CommitGuard Fit: Demonstrates "shift-left" security by targeting insecure dependencies and secrets in FastAPI.

5. Intentionally-Vulnerable-Python-Application

GitHub: mukxl/Intentionally-Vulnerable-Python-Application
Purpose: Designed for SCA, SAST, and DAST analysis.
CommitGuard Fit: Excellent regression test target to confirm the agent catches what conventional scanners catch—and identifies what they miss.

6. Vulnerable-API by michealkeines

GitHub: michealkeines/Vulnerable-API
Tech Stack: Flask, Jinja, SQLite3.
CWEs Covered: CWE-89 (SQLi), CWE-79 (XSS), CWE-73 (LFI/RFI), CWE-94 (SSTI).
CommitGuard Fit: Specifically designed to test automated API scanners with injection-heavy payloads.

Tier 2 — Real-World Projects with Known CVEs

Best for: Advanced agent training and "In-the-Wild" performance testing.

These production-grade projects provide non-synthetic, complex commit diffs derived from the National Vulnerability Database (NVD).
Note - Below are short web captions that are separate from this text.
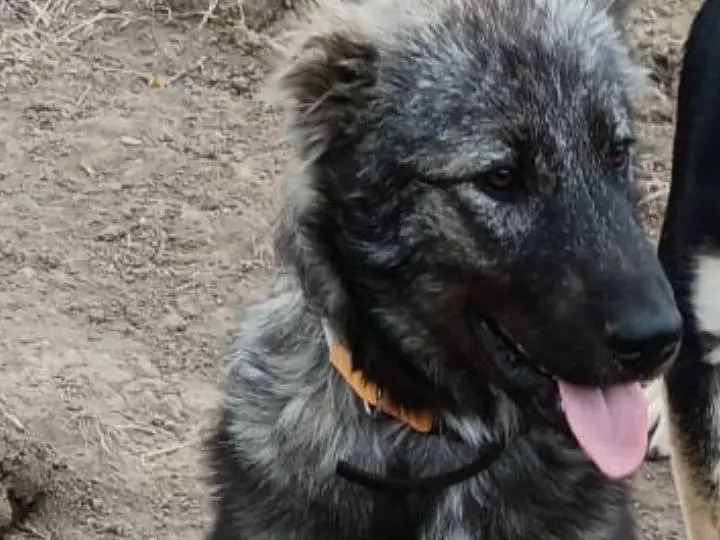 Adotta un cane, maschio, 1 anno e 7 mesi, Potenza
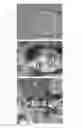 Fig. 08 - Image transformation by fusion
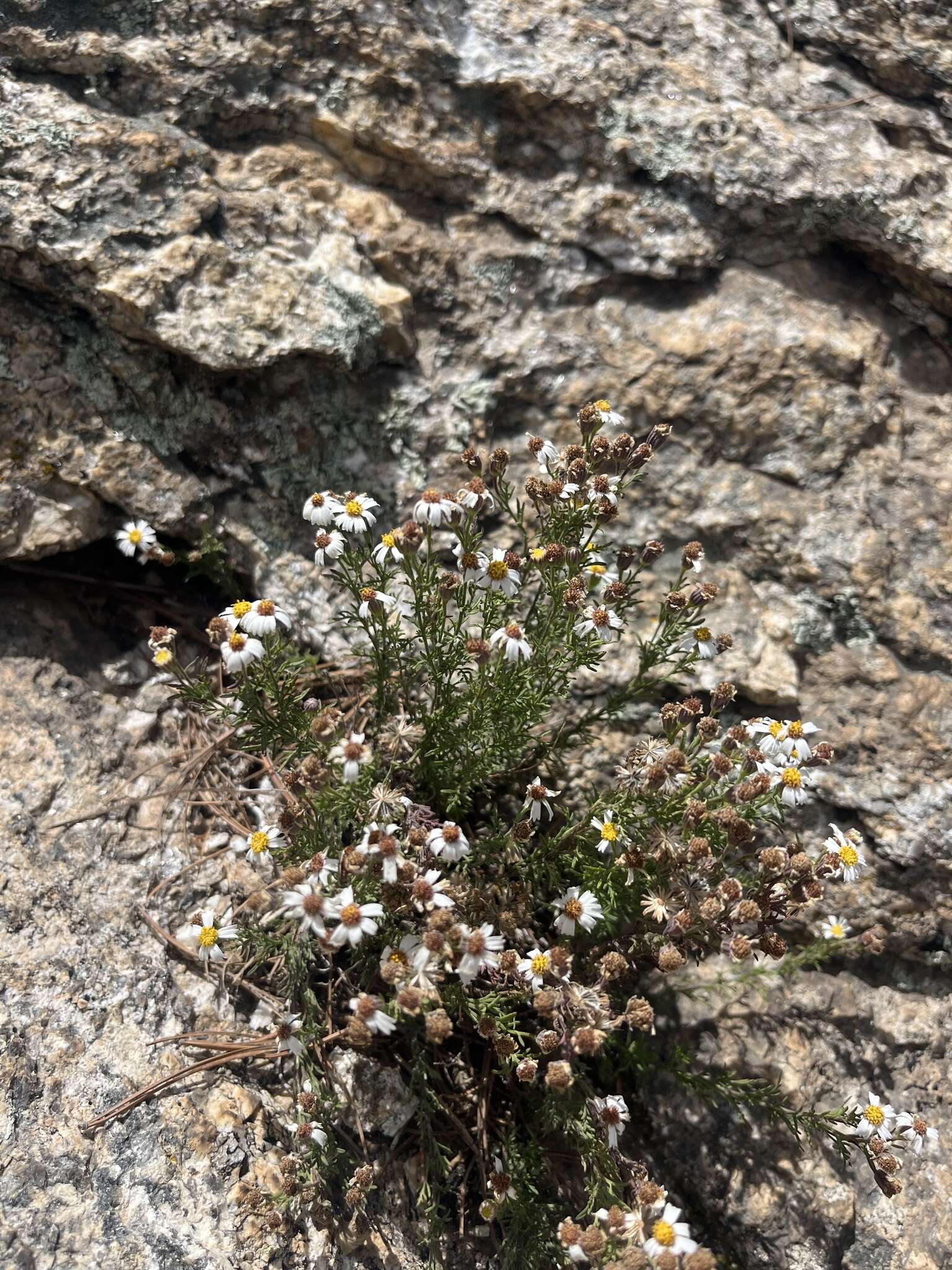 Imagem de Perityle coronopifolia A. Gray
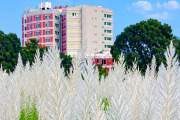 শরতের রঙে-রূপে মায়াবী এখন মাভাবিপ্রবি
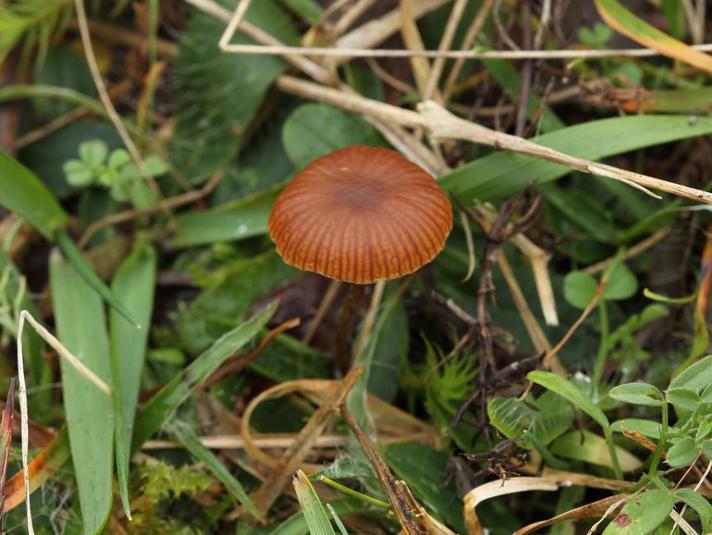 Rødbrun Stråhat (Psilocybe montana)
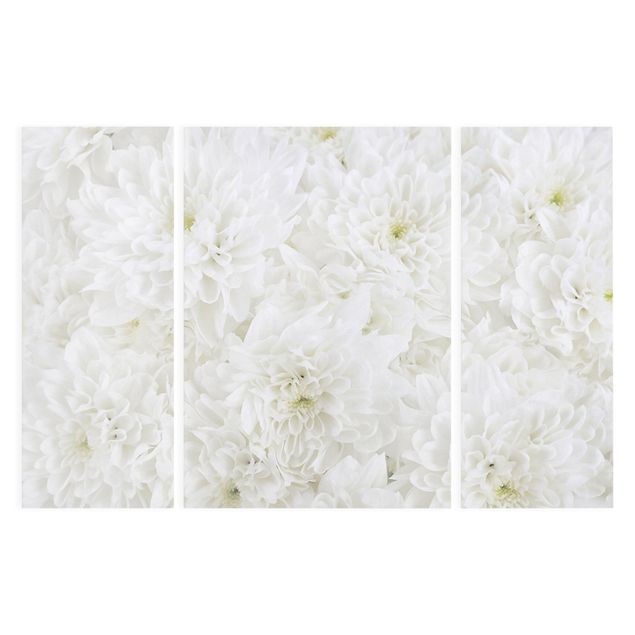 Prints Dahlias Sea Of Flowers White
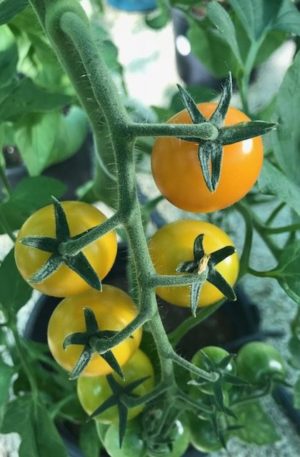 Honeybee sweet yellow B Paradicsom
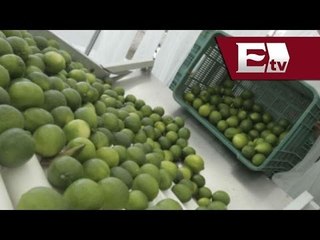 Profeco suspende establecimientos donde se vende limón / Martin Espinosa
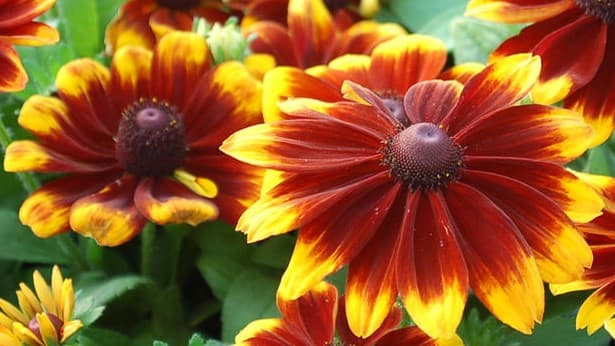 Gloriosa Daisy American Native Wildflower Perennial Seeds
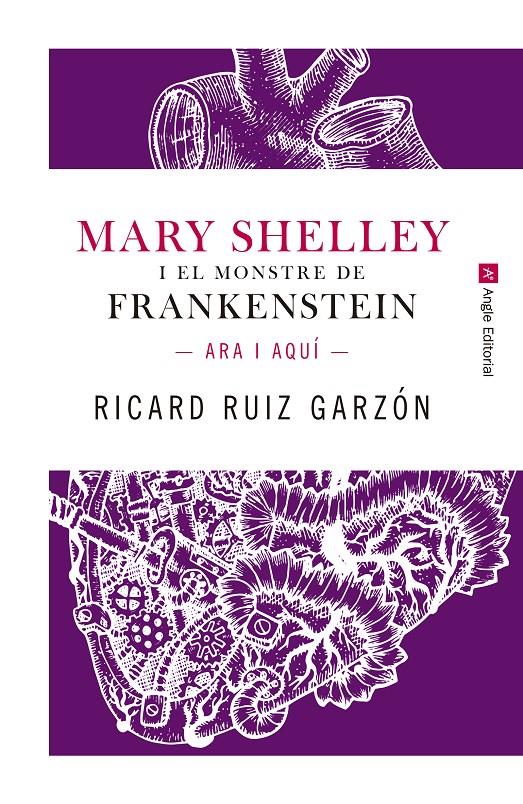 MARY SHELLEY I EL MONSTRE DE FRANKENSTEIN. | 9788417214227 | RUIZ GARZÓN, RICARD | Llibreria La Font de Mimir - Llibreria online Barcelona - Comprar llibres català i castellà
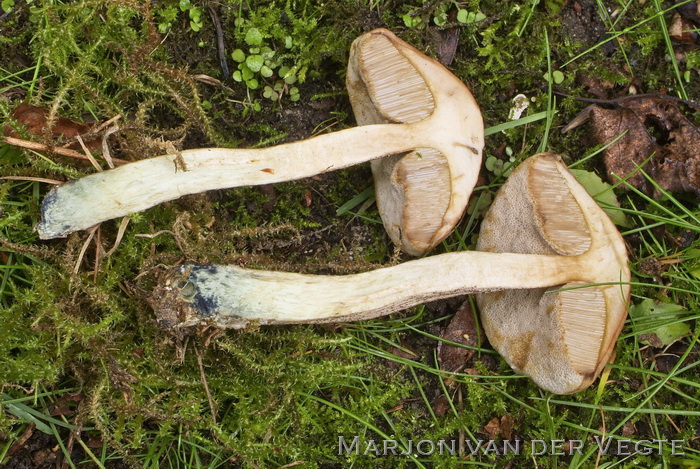 Kleine berkenboleet - Leccinum schistophilum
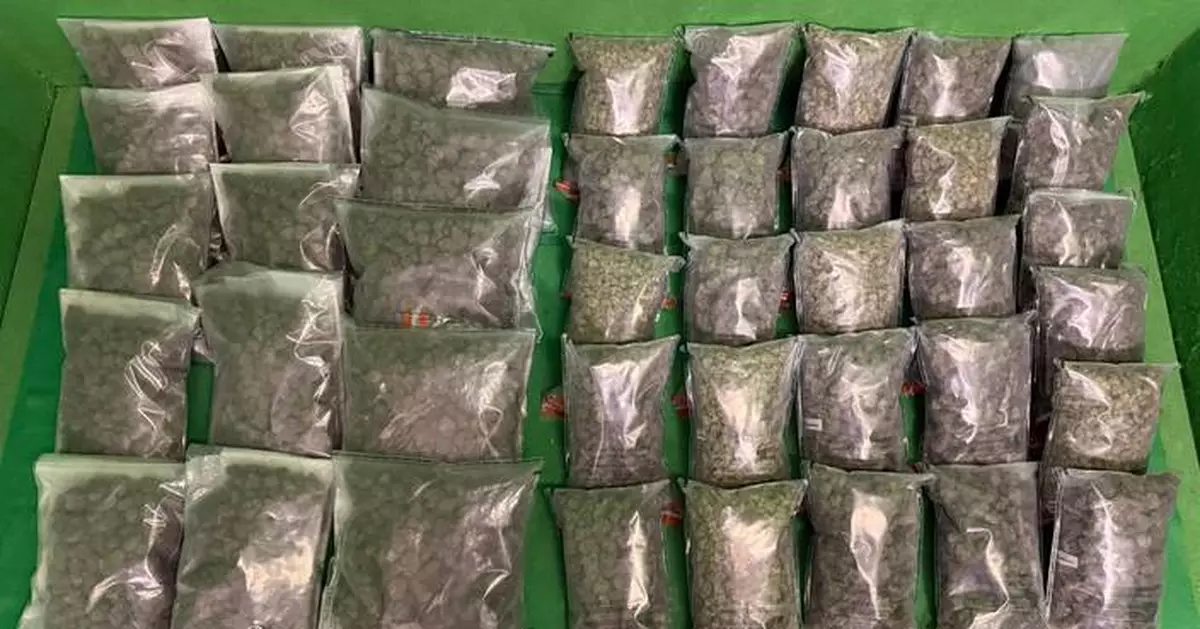 Hong Kong Customs Seizes $5.2 Million in Drugs at Airport, Arrests Three Passengers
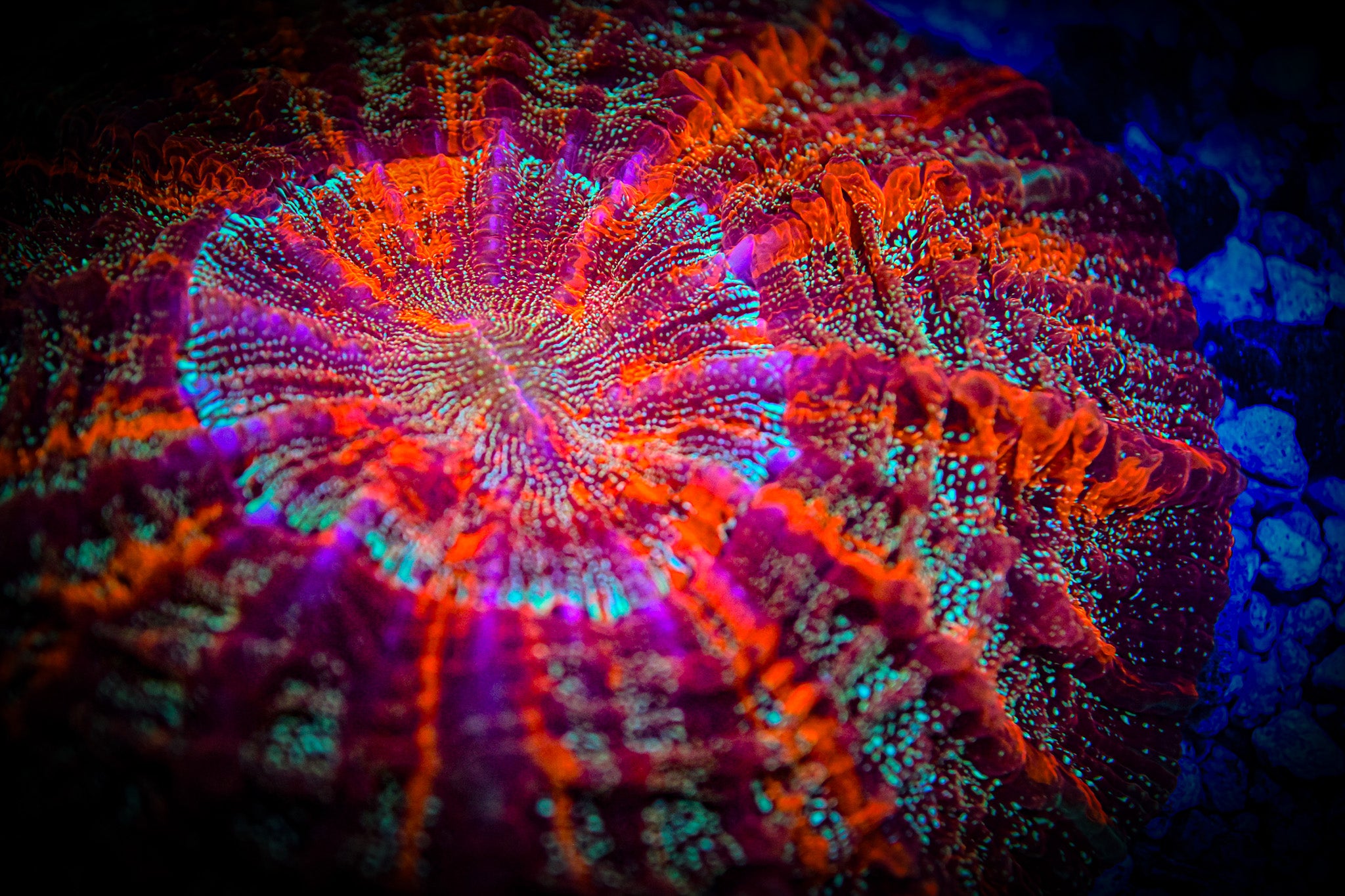 XL *RARE* *UNIQUE* Master Acantho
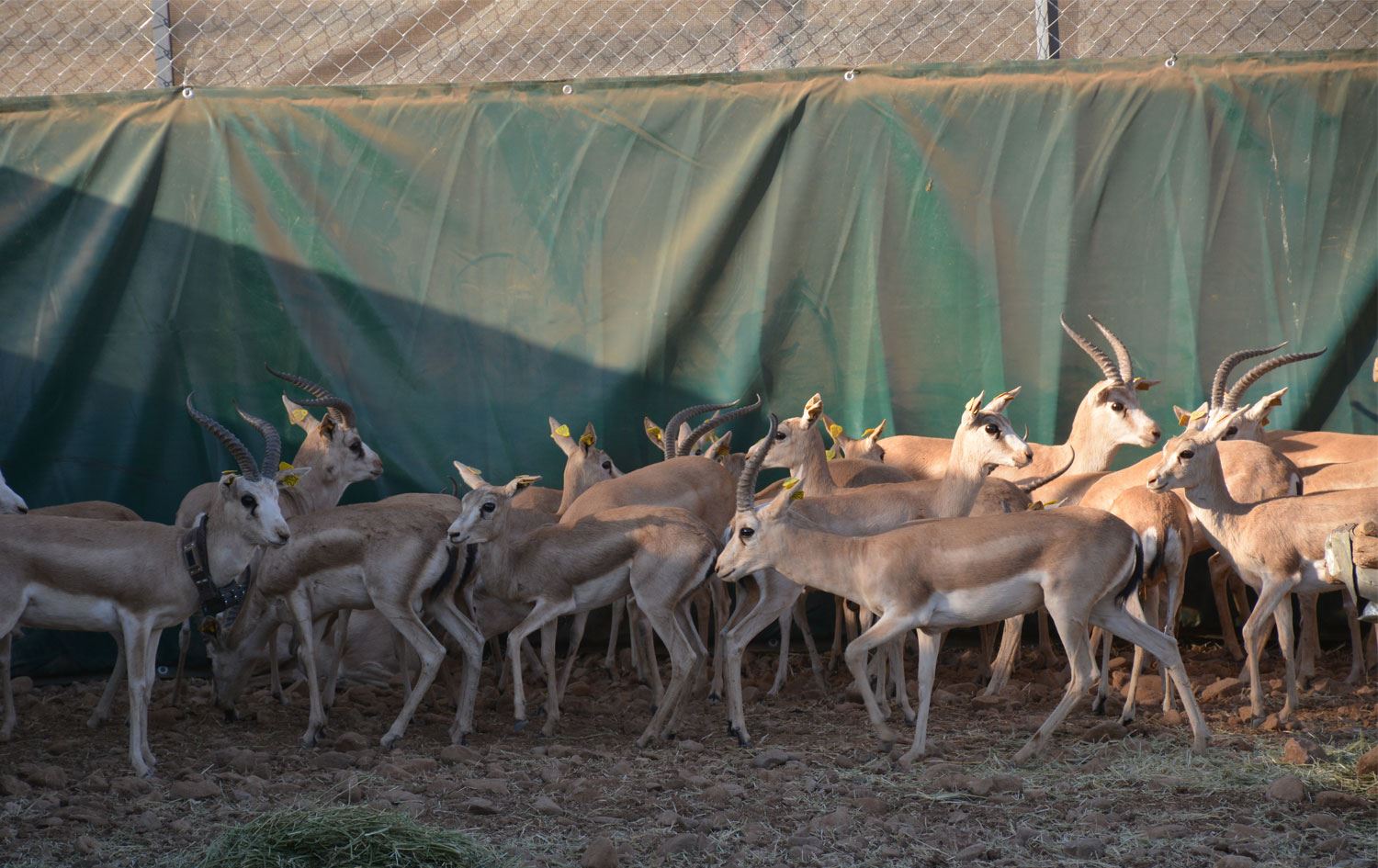 Cudi Dağı'nda 40 ceylan doğaya bırakıldı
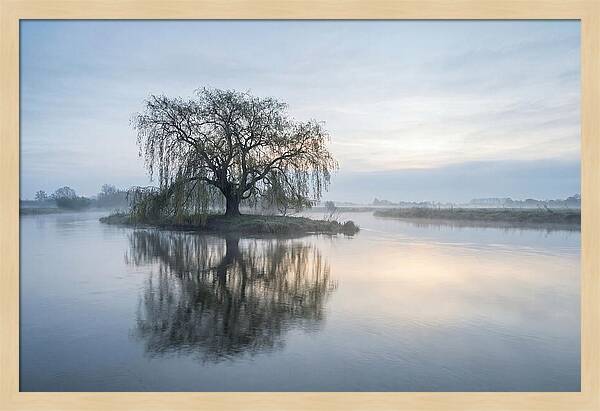 Ancient Willow By The River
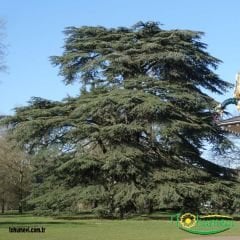 Toros Sediri Ağaç Tohumu – Cedrus Libani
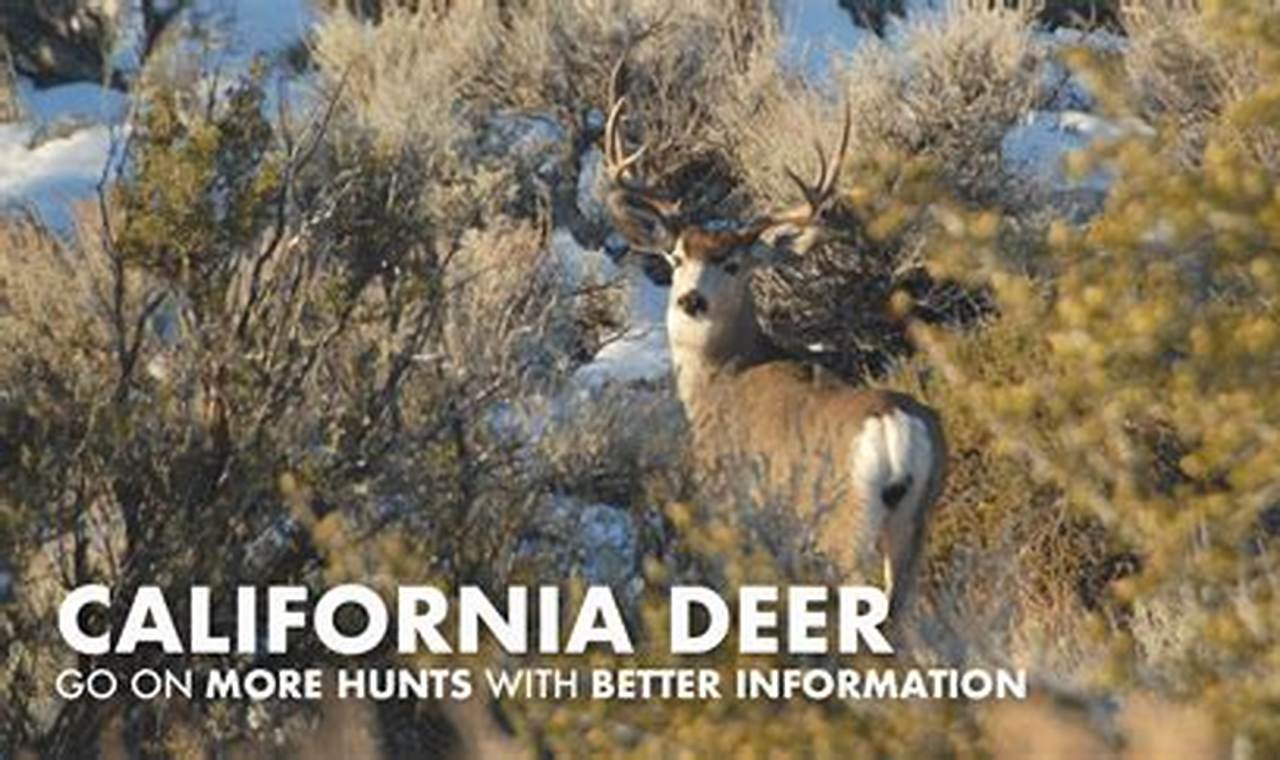 California Deer Draw 2024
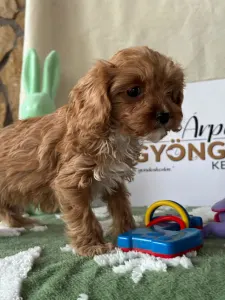Cavapoo - Zara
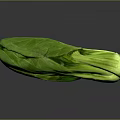 Fresh Green Leafy Vegetable For Healthy Organic Household Daily Use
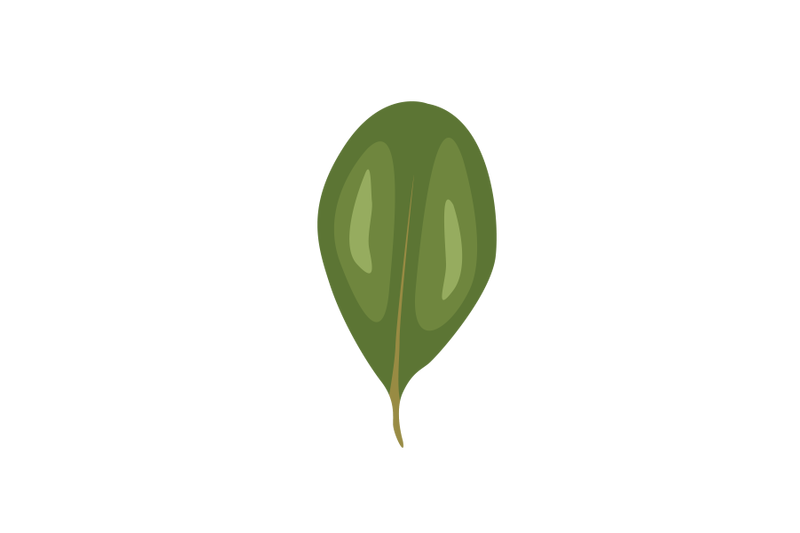 chinese-fringetree-leaf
Project	Stack	CWE / Vulnerability Type	Relevance
Django	Django + ORM	SQL Injection (CWE-89), Open Redirect (CWE-601), ReDoS (CWE-400)	High-signal real-world diffs
Pillow	Python Imaging	Buffer overflows, Path Traversal, ACE	Tests non-web CWE detection
Requests	Python HTTP	SSRF, Header Injection	Header-level vuln detection
Paramiko	SSH/Crypto	Auth bypass (CVE-2018-7750), Weak crypto	Crypto CWE training data
PyYAML	Config Parsing	Deserialization ACE (CWE-502)	Classic commit-diff CWE

Recommended Dataset: CVEFixes (ZeoVan/CVEfixes) A multi-language dataset providing the exact fixing commits for vulnerabilities, annotated at function and file levels. Directly usable for CommitGuard's diff-based pipeline.

Tier 3 — Pydantic & Type-Safety Specific Targets

Best for: Specialized auditing of type-driven Python applications.

Pydantic v1 Model Misuse Patterns: Common vulnerabilities involving model.dict(), validator skipping, or internal field exposure. The Checkmarx c{api}tal project is the primary reference for this.
Type-Safety "Escape Hatches": Targets projects with complex type annotations, union types, and Any usage where type-safety bugs often hide.
- Targets: Django REST Framework and FastAPI projects with permissive Optional fields or loose Pydantic validation.

📈 Benchmarking Strategy

To verify CommitGuard's performance on these projects:

Extraction: Use scratch/extract_sample.py to pull vulnerable diffs from the projects above.
Evaluation: Run scripts/evaluate.py using these samples as the test set.
Comparison: Compare results against the eval_baseline.json to visualize the delta in detection capabilities.